AIM OF THE EXERCISE: Everything in the listing below from the line containing "Round woven table" through the line containing "Coastal living room" must be repeated exactly; the remaining lines are not wanted.

(INFORMATION PROVIDED begins)

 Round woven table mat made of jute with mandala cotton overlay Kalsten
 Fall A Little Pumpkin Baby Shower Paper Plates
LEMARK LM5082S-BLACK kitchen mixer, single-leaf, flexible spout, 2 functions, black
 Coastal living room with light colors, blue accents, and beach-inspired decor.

(INFORMATION PROVIDED ends)
(INFORMATION PROVIDED begins)

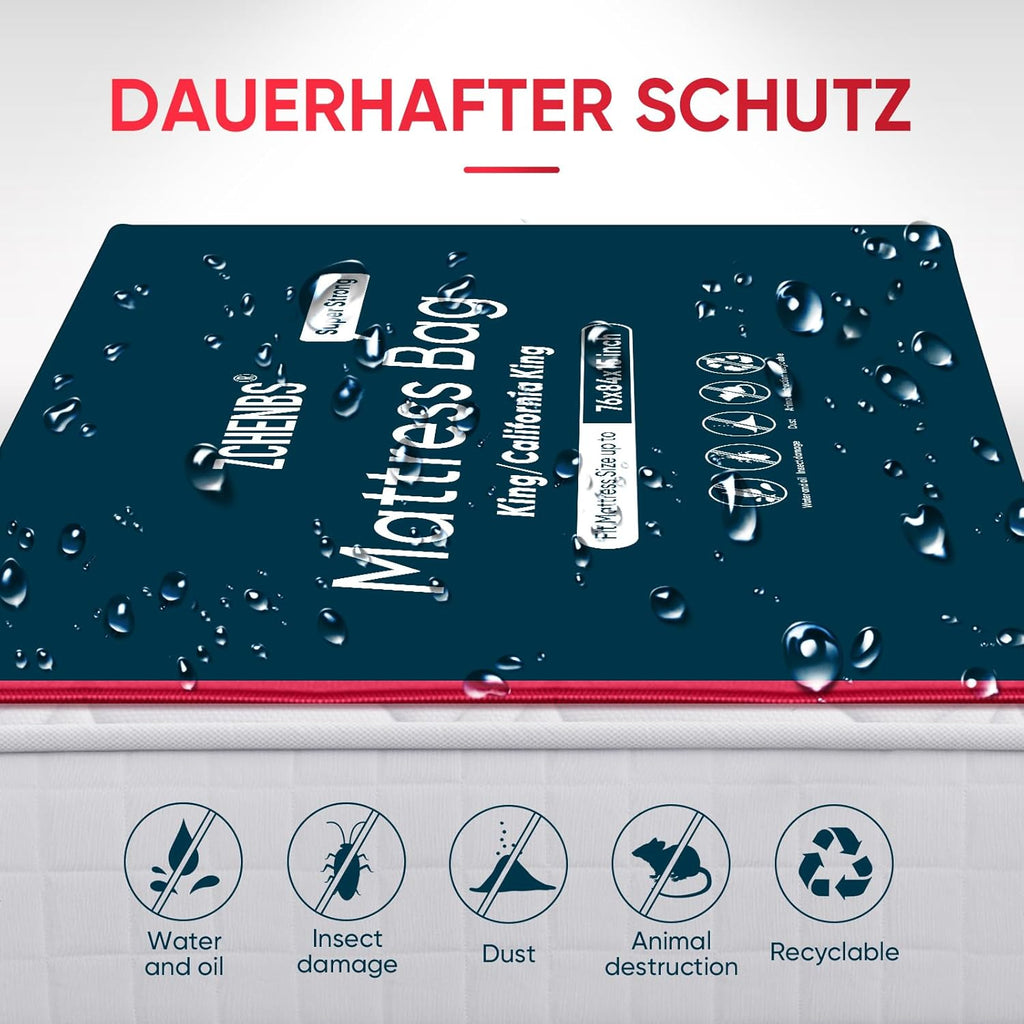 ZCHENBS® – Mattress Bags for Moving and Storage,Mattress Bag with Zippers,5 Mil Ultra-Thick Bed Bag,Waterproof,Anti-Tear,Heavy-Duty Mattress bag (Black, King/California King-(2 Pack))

(INFORMATION PROVIDED ends)

TASK ANSWER:
 Round woven table mat made of jute with mandala cotton overlay Kalsten
 Fall A Little Pumpkin Baby Shower Paper Plates
LEMARK LM5082S-BLACK kitchen mixer, single-leaf, flexible spout, 2 functions, black
 Coastal living room with light colors, blue accents, and beach-inspired decor.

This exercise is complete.